#### RECORDS PROVIDED
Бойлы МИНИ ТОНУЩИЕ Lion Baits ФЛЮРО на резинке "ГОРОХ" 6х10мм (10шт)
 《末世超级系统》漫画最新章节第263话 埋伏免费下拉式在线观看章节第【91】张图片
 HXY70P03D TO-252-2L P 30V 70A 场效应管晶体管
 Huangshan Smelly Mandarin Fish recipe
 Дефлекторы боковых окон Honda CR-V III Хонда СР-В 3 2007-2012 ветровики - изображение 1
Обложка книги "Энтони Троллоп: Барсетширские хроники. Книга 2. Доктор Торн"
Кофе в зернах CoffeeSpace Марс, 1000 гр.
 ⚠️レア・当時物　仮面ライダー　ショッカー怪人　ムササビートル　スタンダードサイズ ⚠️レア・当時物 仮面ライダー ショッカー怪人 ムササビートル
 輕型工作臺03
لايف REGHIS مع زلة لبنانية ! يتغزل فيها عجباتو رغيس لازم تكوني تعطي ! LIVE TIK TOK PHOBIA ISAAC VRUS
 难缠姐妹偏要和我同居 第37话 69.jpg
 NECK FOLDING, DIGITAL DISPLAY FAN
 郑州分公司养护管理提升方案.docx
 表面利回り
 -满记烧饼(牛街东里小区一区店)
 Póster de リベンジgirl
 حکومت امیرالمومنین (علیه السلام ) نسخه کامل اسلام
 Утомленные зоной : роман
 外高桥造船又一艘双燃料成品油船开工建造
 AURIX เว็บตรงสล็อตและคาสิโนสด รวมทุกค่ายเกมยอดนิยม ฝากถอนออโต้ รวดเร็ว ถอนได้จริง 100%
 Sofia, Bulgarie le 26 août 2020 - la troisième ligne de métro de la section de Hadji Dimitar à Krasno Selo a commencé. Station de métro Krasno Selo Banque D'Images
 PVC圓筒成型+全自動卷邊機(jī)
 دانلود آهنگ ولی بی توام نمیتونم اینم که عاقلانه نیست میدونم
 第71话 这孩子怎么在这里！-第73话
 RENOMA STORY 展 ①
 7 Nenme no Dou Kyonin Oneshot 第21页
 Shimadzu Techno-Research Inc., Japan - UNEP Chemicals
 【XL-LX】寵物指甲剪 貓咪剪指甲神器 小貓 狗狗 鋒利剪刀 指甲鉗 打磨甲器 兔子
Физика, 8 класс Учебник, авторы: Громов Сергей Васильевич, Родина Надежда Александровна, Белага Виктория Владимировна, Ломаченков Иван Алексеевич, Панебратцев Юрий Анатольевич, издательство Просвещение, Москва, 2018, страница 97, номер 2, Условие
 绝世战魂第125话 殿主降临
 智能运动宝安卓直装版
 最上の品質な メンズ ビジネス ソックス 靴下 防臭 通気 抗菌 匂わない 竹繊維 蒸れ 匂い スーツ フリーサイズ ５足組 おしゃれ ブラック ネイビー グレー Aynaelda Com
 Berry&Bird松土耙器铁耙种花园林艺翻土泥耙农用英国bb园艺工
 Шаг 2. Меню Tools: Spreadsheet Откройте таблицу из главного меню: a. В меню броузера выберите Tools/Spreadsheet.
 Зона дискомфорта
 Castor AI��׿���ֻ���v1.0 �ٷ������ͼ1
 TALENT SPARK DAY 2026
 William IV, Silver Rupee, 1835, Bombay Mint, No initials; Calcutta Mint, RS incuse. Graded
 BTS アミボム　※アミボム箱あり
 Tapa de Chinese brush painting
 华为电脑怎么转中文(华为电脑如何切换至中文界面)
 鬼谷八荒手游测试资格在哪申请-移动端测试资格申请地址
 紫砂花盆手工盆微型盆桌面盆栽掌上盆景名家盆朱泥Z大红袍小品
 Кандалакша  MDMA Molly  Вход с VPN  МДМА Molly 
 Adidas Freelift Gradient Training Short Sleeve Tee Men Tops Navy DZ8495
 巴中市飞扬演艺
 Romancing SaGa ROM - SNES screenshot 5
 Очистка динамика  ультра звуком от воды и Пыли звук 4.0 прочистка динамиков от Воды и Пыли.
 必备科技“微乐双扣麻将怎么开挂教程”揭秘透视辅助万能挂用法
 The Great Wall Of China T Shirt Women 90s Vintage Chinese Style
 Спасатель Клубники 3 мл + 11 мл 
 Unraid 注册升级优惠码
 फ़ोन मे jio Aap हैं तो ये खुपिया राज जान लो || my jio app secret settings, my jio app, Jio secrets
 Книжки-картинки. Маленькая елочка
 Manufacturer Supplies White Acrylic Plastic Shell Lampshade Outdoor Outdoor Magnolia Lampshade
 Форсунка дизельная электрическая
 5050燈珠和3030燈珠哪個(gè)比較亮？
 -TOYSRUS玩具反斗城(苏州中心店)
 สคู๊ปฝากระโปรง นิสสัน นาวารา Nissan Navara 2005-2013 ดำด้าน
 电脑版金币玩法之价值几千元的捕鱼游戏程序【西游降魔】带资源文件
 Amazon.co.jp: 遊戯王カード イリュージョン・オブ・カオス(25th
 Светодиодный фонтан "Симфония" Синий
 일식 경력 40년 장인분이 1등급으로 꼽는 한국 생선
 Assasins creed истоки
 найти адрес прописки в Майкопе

#### WHAT THE TASK REQUIRES
Exactly as they stand, please print the lines from the first line of the records above down to the line that includes "Póster de リベンジgirl", both of those included and no others.

#### EXERCISE OUTPUT
Бойлы МИНИ ТОНУЩИЕ Lion Baits ФЛЮРО на резинке "ГОРОХ" 6х10мм (10шт)
 《末世超级系统》漫画最新章节第263话 埋伏免费下拉式在线观看章节第【91】张图片
 HXY70P03D TO-252-2L P 30V 70A 场效应管晶体管
 Huangshan Smelly Mandarin Fish recipe
 Дефлекторы боковых окон Honda CR-V III Хонда СР-В 3 2007-2012 ветровики - изображение 1
Обложка книги "Энтони Троллоп: Барсетширские хроники. Книга 2. Доктор Торн"
Кофе в зернах CoffeeSpace Марс, 1000 гр.
 ⚠️レア・当時物　仮面ライダー　ショッカー怪人　ムササビートル　スタンダードサイズ ⚠️レア・当時物 仮面ライダー ショッカー怪人 ムササビートル
 輕型工作臺03
لايف REGHIS مع زلة لبنانية ! يتغزل فيها عجباتو رغيس لازم تكوني تعطي ! LIVE TIK TOK PHOBIA ISAAC VRUS
 难缠姐妹偏要和我同居 第37话 69.jpg
 NECK FOLDING, DIGITAL DISPLAY FAN
 郑州分公司养护管理提升方案.docx
 表面利回り
 -满记烧饼(牛街东里小区一区店)
 Póster de リベンジgirl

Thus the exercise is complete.